What to do: Word for word, restate the listing that follows and leave out the images.

Data:

::::

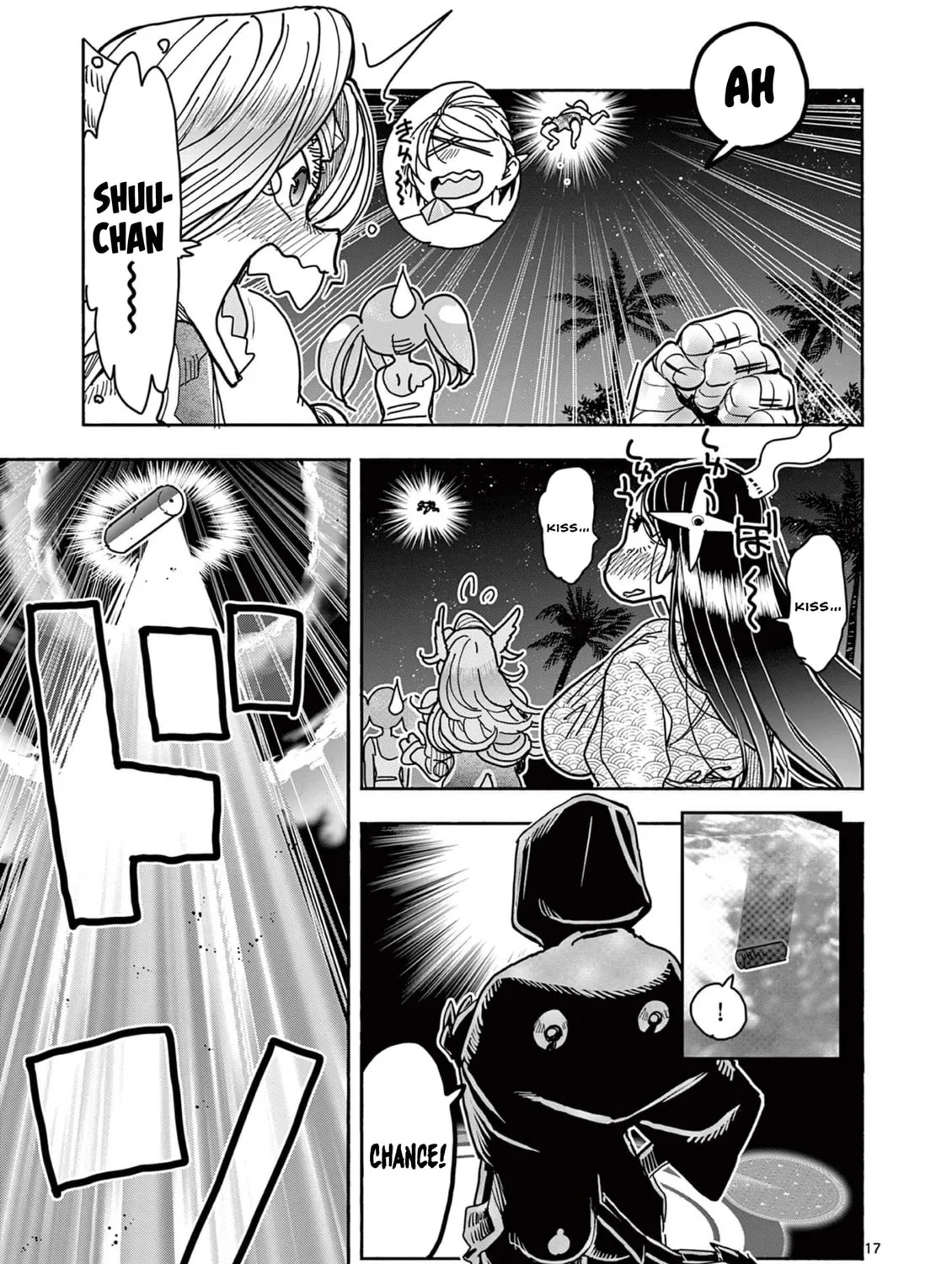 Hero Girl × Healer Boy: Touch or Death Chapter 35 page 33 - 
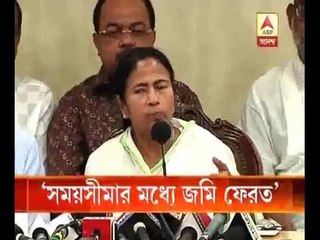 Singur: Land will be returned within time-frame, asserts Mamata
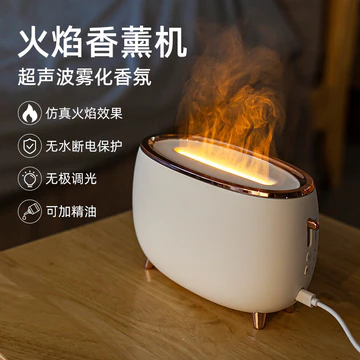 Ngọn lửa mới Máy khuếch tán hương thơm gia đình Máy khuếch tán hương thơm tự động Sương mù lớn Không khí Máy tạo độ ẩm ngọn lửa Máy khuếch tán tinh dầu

::::

Answer:
 Hero Girl × Healer Boy: Touch or Death Chapter 35 page 33 - 
 Singur: Land will be returned within time-frame, asserts Mamata
 Ngọn lửa mới Máy khuếch tán hương thơm gia đình Máy khuếch tán hương thơm tự động Sương mù lớn Không khí Máy tạo độ ẩm ngọn lửa Máy khuếch tán tinh dầu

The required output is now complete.